Overview of the current state of research on sulfite oxidizing enzymes (SOEs). From bioinformatic analyses, the diverse sulfite oxidase family of proteins that contains the same molybdenum cofactor center (1) can be classified into at least three groups (63, 85). This review has focused on the SOEs. Animal sulfite oxidases possess two redox active domains and present fundamental biophysical problems relating to intramolecular electron transfer (IET), the relationship of IET rates to steady-state kinetics, the overall conformation of the protein, and the molecular dynamics of the motion of the two domains relative to one another.
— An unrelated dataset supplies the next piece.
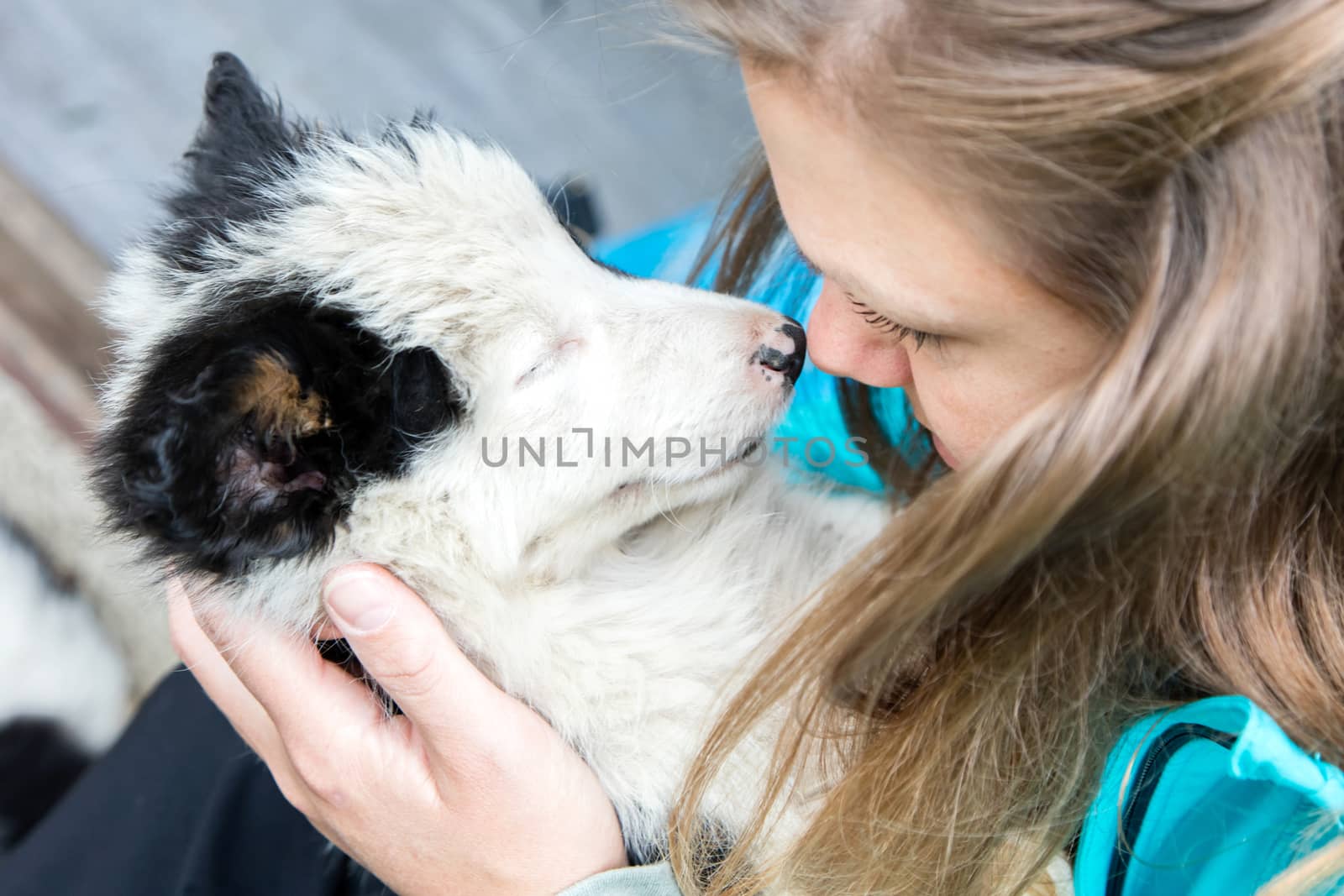 Small Border Collie puppy resting in the arms of a woman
The effects of extensive mutations of the tether connecting the heme and molybdenum domains of human SO have been discussed here. However, as yet there are no X-ray structural results of the intact protein for any of these variants. The detailed structures of the molybdenum centers of these variants have been determined from analysis of high resolution pulsed EPR spectra of their Mo(V) states as a function of pH, anions in the media, and mutations of nearby amino acid residues. A long term hope is that these studies will contribute to the continuing development of molecular medicine to treat sulfite oxidase deficiency (13, 16).